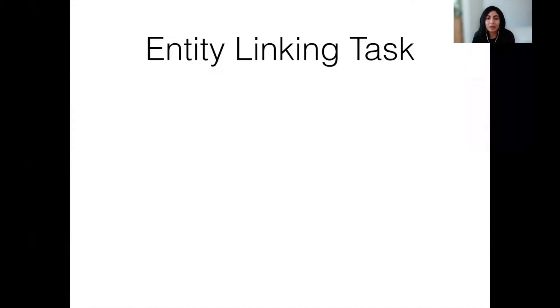Hi, and welcome back to the talk. I'm Shruti, and in this talk I'm discussing cross-lingual entity linking methods for low-resource languages.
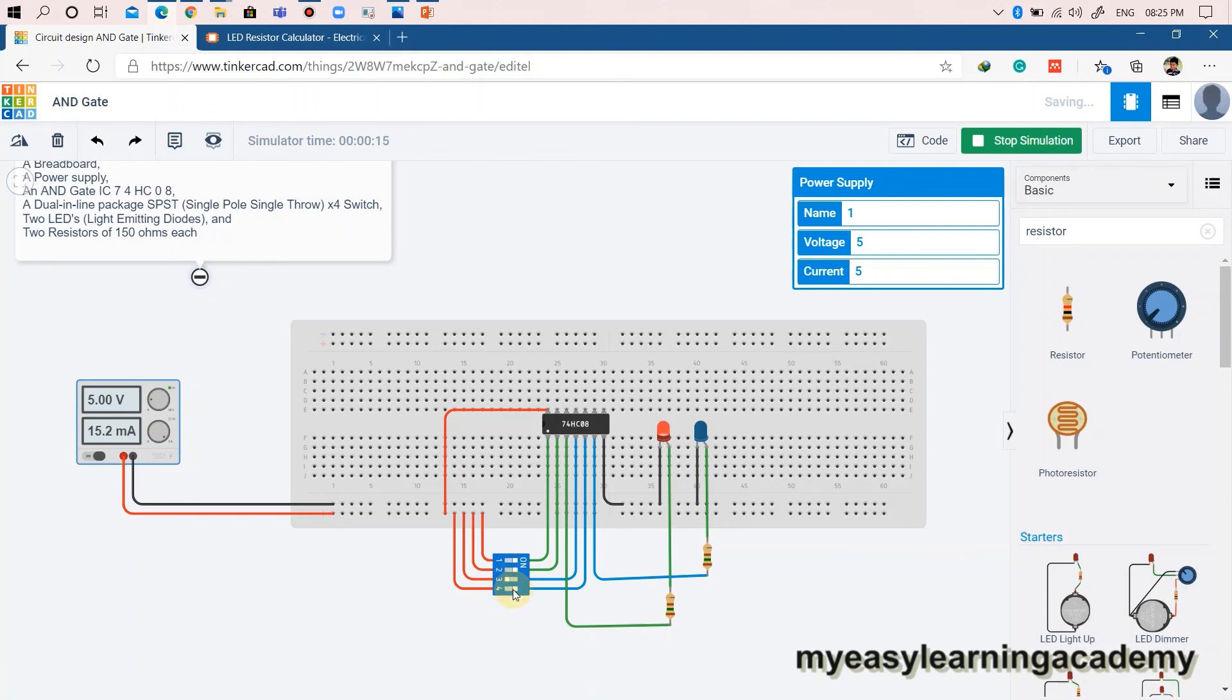That's it, you have successfully implemented basic AND gate using Tinkercad. I hope you like this video. Please subscribe to my YouTube channel and press the bell icon to receive the latest updates.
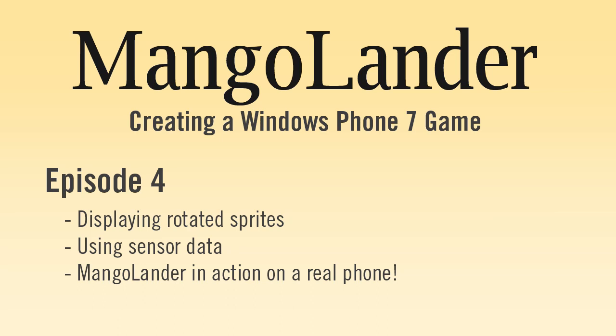Unfortunately this motion class is not actually supported by the emulator yet, so in order to actually test things you will need a Windows Phone device. If you don't have one you can just take my word that it is working, and later on we may build in like an alternative touch input, so just for testing.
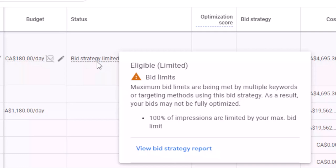Many times, when I set a maximum CPC cap for the bidding strategy of my campaigns, I receive this warning notification from Google Ads that X percent of impressions are limited by your max bid limit. That X percent is sometimes even 100% of impressions being limited by max bid limit. So let's break down what this message means and what you should do about it.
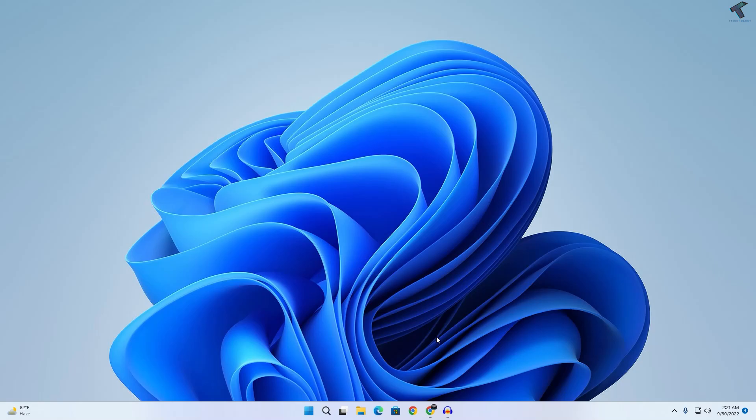Hey guys, welcome back to my channel Technology. Today in this video tutorial I will show you how to fix taskbar icon is missing or not showing, so just follow me.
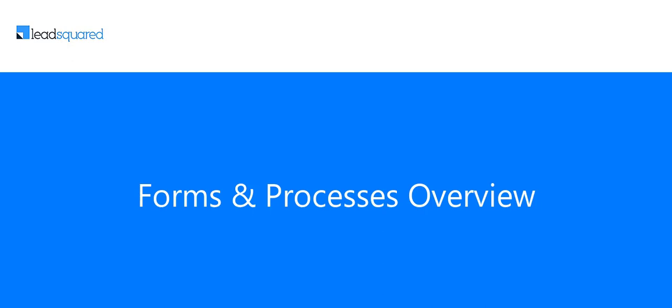In this video, we'll give you an overview of LeadSquared's Dynamic Forms and Process Features.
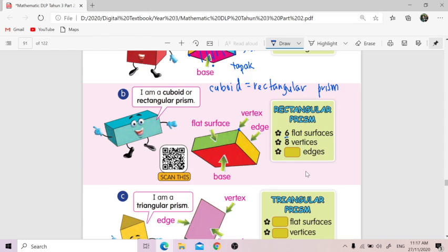Vertices ni — mucu. Kalau satu, we call it vertex. Kalau banyak, we call it vertices. So ada berapa vertices? One, two, three, four, five, six, seven, eight — ada lapan. And edges — one, two, three, four, five, six, seven, eight, nine, ten, eleven — ada dua belas edges.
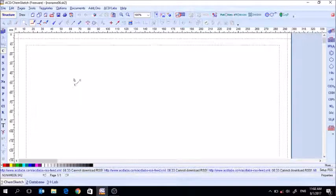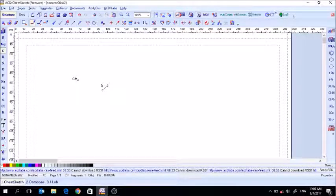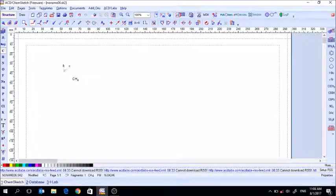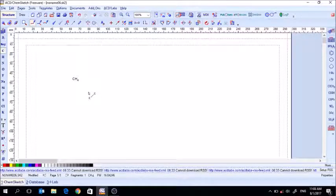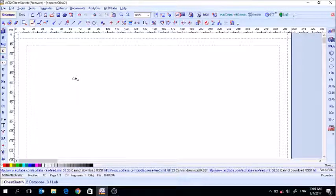When you add a carbon, it doesn't just add carbon — it adds carbon and four hydrogens. With non-metals, if you remember from chemistry, non-metals form a certain number of covalent bonds. Carbon normally forms four covalent bonds, so ChemSketch automatically fills those four bonds with hydrogens. It does that for all non-metals.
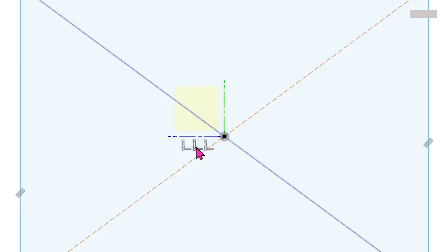Now, if you hover over the third coincident constraint, you will see a very subtle highlight of the center point of the rectangle. This represents the coincident relation between the origin and the center point of the rectangle.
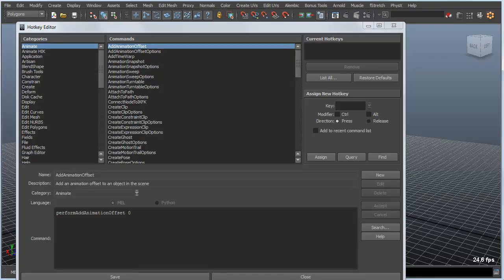It's laid out very nicely and organized in a way that not only helps you find the hotkey — over to the right you can query a particular key, say Q, and hit the Query button. It tells you what that key is assigned to, and it also helps you find the command that you might want to use.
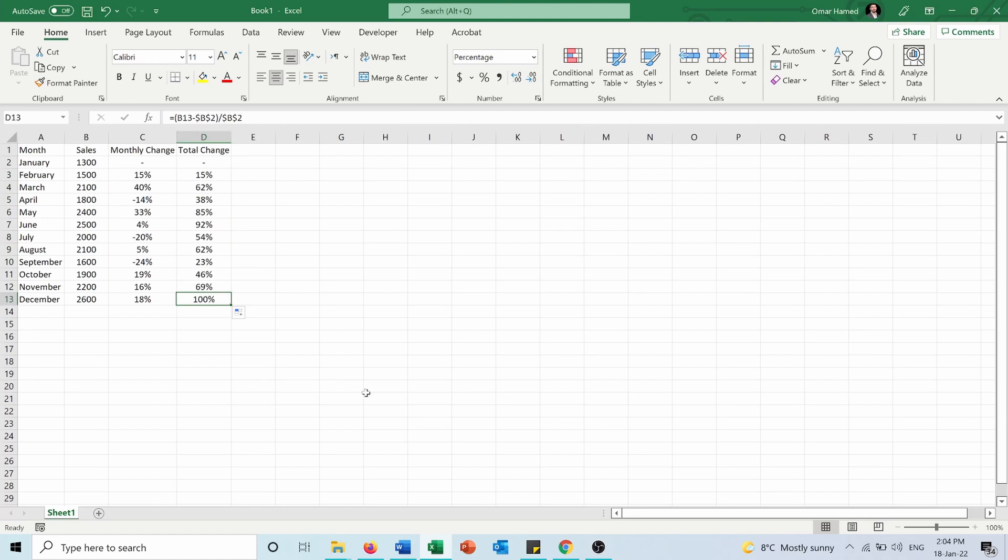I hope this video was helpful for you to calculate the percentage change and the growth that you are making, whether it's positive growth, negative growth, or compared to the initial numbers.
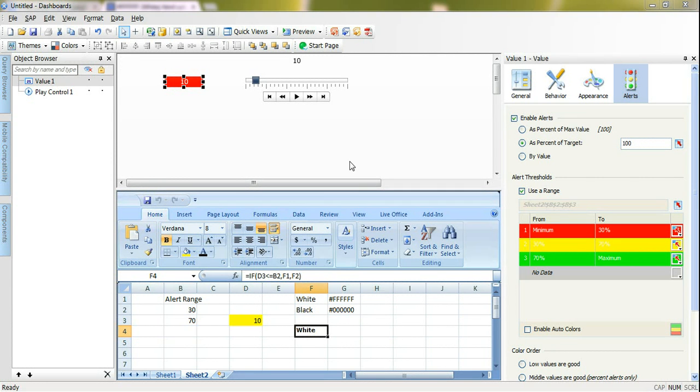Hi everyone, today we will talk about how to bind the color to Excel's cell in Excelicious dashboard design.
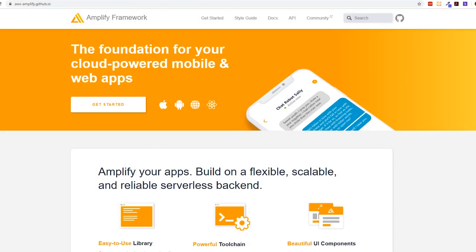Hey developers, today I'm going to show you all about the Amplify library. We're going to look at creating an authenticated flow using Amplify, which is part of AWS, and then we're also going to look at the new AppSync and GraphQL. This is going to be a big overview and we're going to do some coding, so make sure you stay all the way to the end.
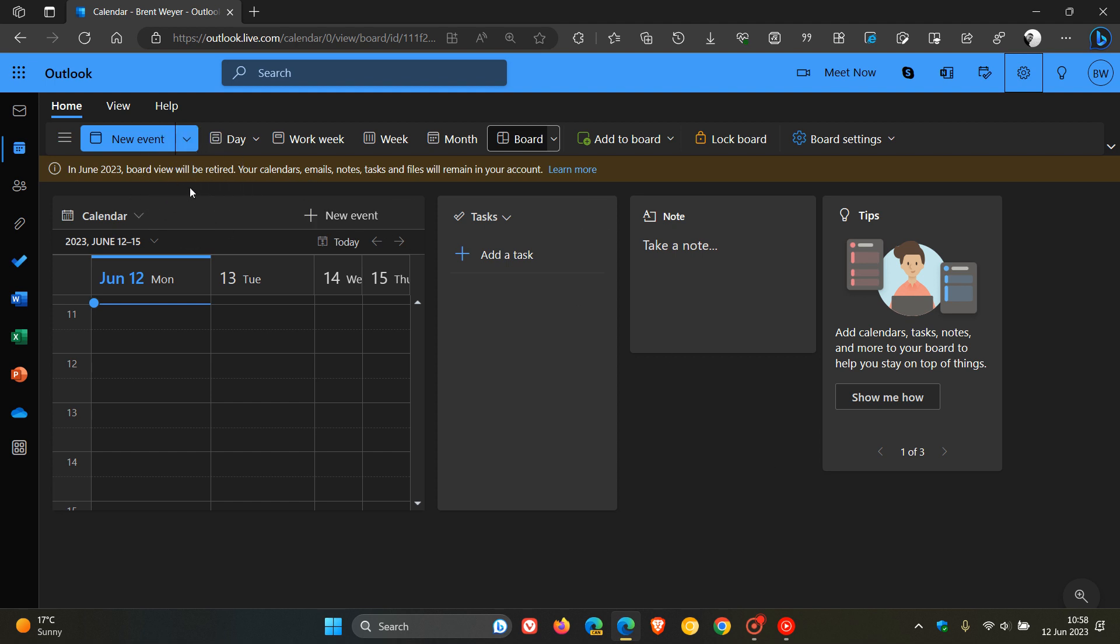Microsoft has said in this banner at the top, in June 2023, BoardView will be retired. Your calendars, emails, notes, tasks, and files will remain in your account. You can click on the Learn More link to go find out more info.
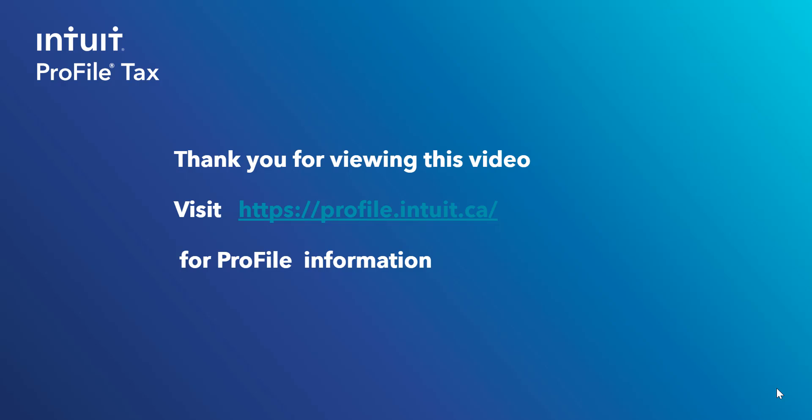Thank you for watching this video. And for any support information you need, you can go to our ProFile website. It's profile.intuit.ca, and there's support options there.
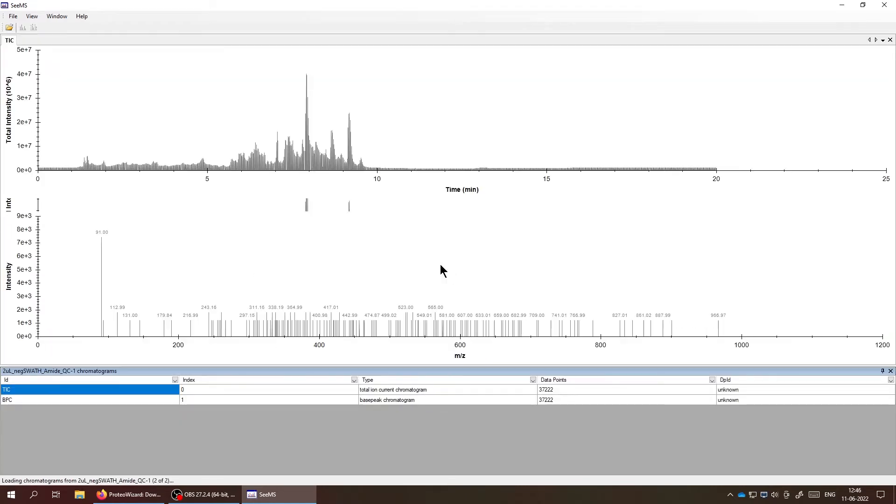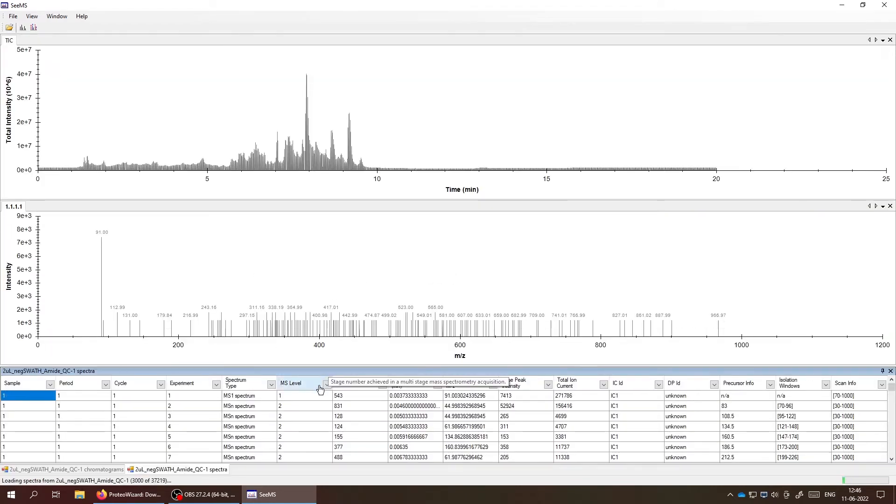So after you select the file and open it, it's going to load that and take some time to show up. You can see there are certain columns here with which you can filter the data as well and visualize.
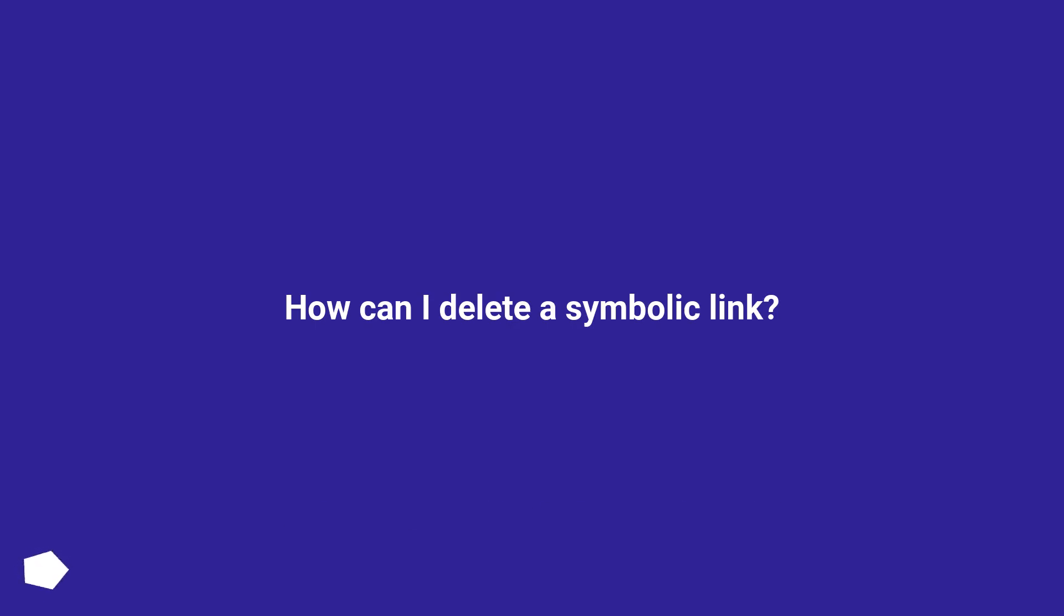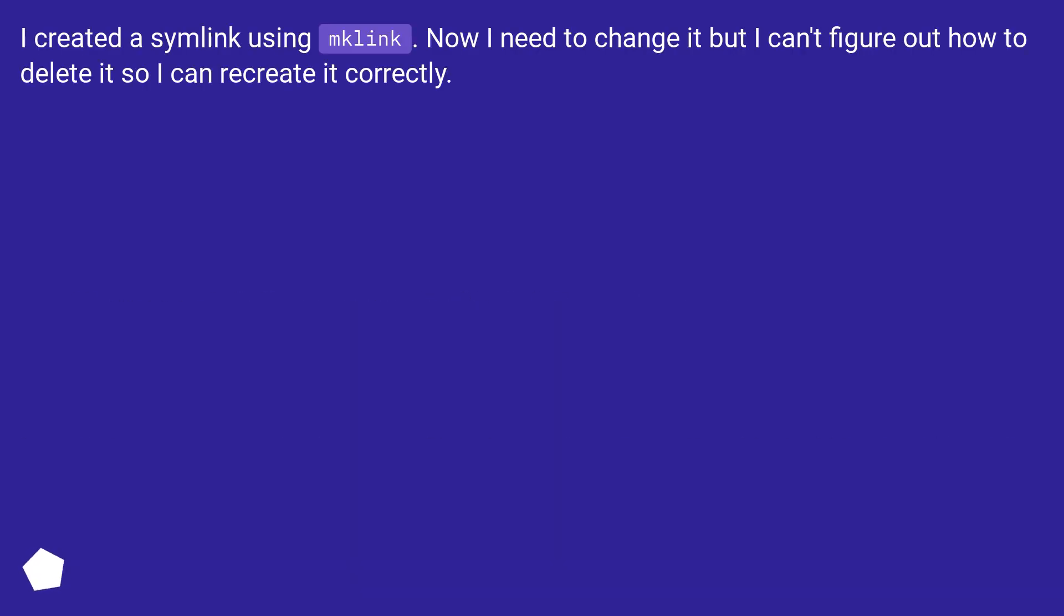How can I delete a symbolic link? I created a symlink using mklink. Now I need to change it but I can't figure out how to delete it so I can recreate it correctly.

----

_The problem_
The output should consist of the records above, reproduced exactly, without pictures.

_Exercise response_
Hi, and welcome back to the talk. I'm Shruti, and in this talk I'm discussing cross-lingual entity linking methods for low-resource languages.
That's it, you have successfully implemented basic AND gate using Tinkercad. I hope you like this video. Please subscribe to my YouTube channel and press the bell icon to receive the latest updates.
Unfortunately this motion class is not actually supported by the emulator yet, so in order to actually test things you will need a Windows Phone device. If you don't have one you can just take my word that it is working, and later on we may build in like an alternative touch input, so just for testing.
Many times, when I set a maximum CPC cap for the bidding strategy of my campaigns, I receive this warning notification from Google Ads that X percent of impressions are limited by your max bid limit. That X percent is sometimes even 100% of impressions being limited by max bid limit. So let's break down what this message means and what you should do about it.
Hey guys, welcome back to my channel Technology. Today in this video tutorial I will show you how to fix taskbar icon is missing or not showing, so just follow me.
In this video, we'll give you an overview of LeadSquared's Dynamic Forms and Process Features.
Vertices ni — mucu. Kalau satu, we call it vertex. Kalau banyak, we call it vertices. So ada berapa vertices? One, two, three, four, five, six, seven, eight — ada lapan. And edges — one, two, three, four, five, six, seven, eight, nine, ten, eleven — ada dua belas edges.
When you add a carbon, it doesn't just add carbon — it adds carbon and four hydrogens. With non-metals, if you remember from chemistry, non-metals form a certain number of covalent bonds. Carbon normally forms four covalent bonds, so ChemSketch automatically fills those four bonds with hydrogens. It does that for all non-metals.
Now, if you hover over the third coincident constraint, you will see a very subtle highlight of the center point of the rectangle. This represents the coincident relation between the origin and the center point of the rectangle.
It's laid out very nicely and organized in a way that not only helps you find the hotkey — over to the right you can query a particular key, say Q, and hit the Query button. It tells you what that key is assigned to, and it also helps you find the command that you might want to use.
I hope this video was helpful for you to calculate the percentage change and the growth that you are making, whether it's positive growth, negative growth, or compared to the initial numbers.
Hi everyone, today we will talk about how to bind the color to Excel's cell in Excelicious dashboard design.
Hey developers, today I'm going to show you all about the Amplify library. We're going to look at creating an authenticated flow using Amplify, which is part of AWS, and then we're also going to look at the new AppSync and GraphQL. This is going to be a big overview and we're going to do some coding, so make sure you stay all the way to the end.
Microsoft has said in this banner at the top, in June 2023, BoardView will be retired. Your calendars, emails, notes, tasks, and files will remain in your account. You can click on the Learn More link to go find out more info.
Thank you for watching this video. And for any support information you need, you can go to our ProFile website. It's profile.intuit.ca, and there's support options there.
So after you select the file and open it, it's going to load that and take some time to show up. You can see there are certain columns here with which you can filter the data as well and visualize.
How can I delete a symbolic link? I created a symlink using mklink. Now I need to change it but I can't figure out how to delete it so I can recreate it correctly.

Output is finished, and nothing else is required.